DATA EXCERPTS Block Start

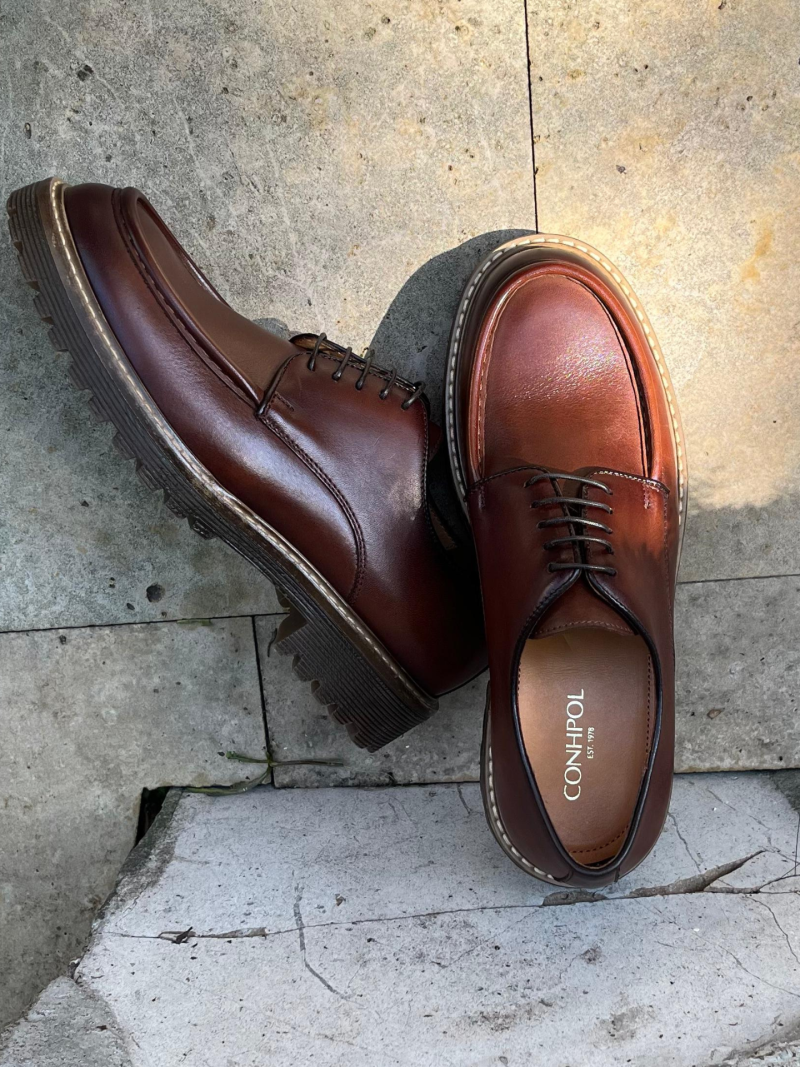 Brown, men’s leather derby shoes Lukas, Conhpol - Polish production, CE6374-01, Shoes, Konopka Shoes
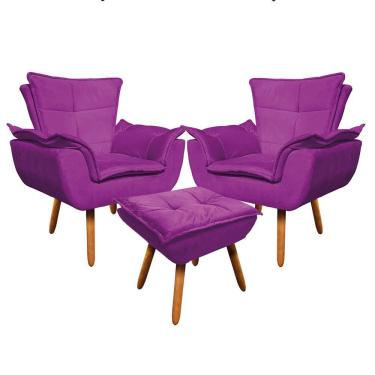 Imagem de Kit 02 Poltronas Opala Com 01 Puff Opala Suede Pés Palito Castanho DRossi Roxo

DATA EXCERPTS Block End
DATA EXCERPTS Block Start

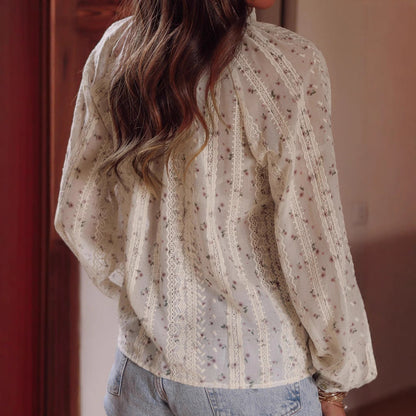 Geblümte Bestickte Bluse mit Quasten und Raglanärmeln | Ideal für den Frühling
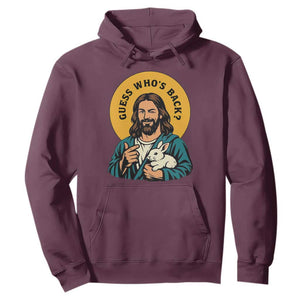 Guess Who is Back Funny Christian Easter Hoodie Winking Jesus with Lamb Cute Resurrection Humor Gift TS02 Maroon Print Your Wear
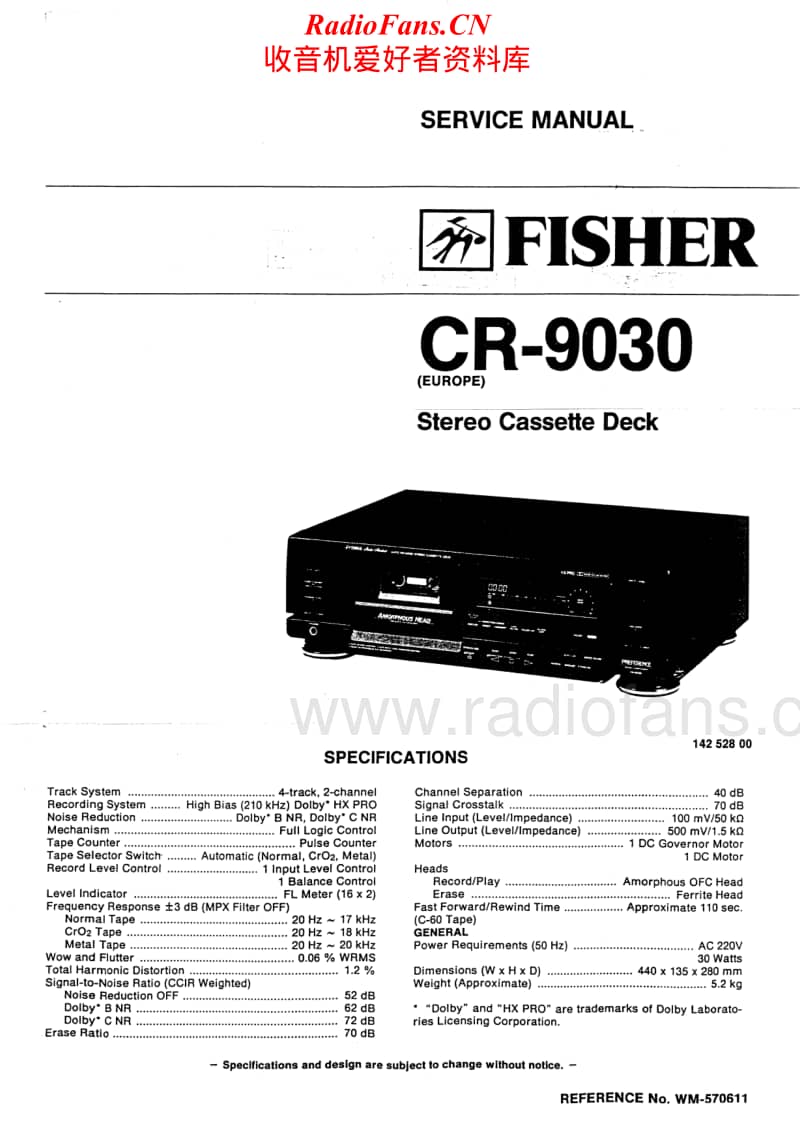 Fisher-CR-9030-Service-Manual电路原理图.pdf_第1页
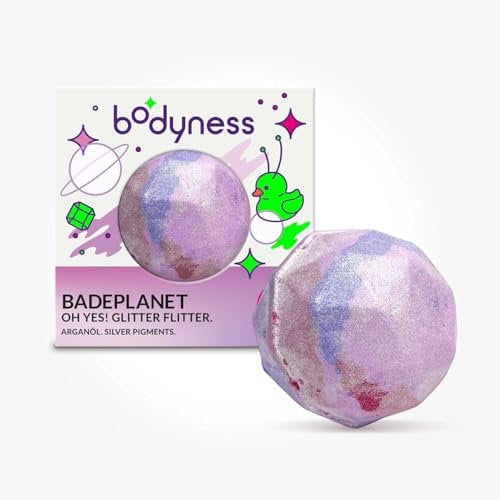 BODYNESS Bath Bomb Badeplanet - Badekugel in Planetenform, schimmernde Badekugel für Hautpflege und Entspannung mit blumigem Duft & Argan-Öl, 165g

DATA EXCERPTS Block End

• EXERCISE AIM
Once the line with "Guess Who is" has been found above, output that line and every later line exactly, stopping after the line with "BODYNESS Bath Bomb", and omit the pictures.

• RESULT OF THIS TASK
 Guess Who is Back Funny Christian Easter Hoodie Winking Jesus with Lamb Cute Resurrection Humor Gift TS02 Maroon Print Your Wear
 Fisher-CR-9030-Service-Manual电路原理图.pdf_第1页
 BODYNESS Bath Bomb Badeplanet - Badekugel in Planetenform, schimmernde Badekugel für Hautpflege und Entspannung mit blumigem Duft & Argan-Öl, 165g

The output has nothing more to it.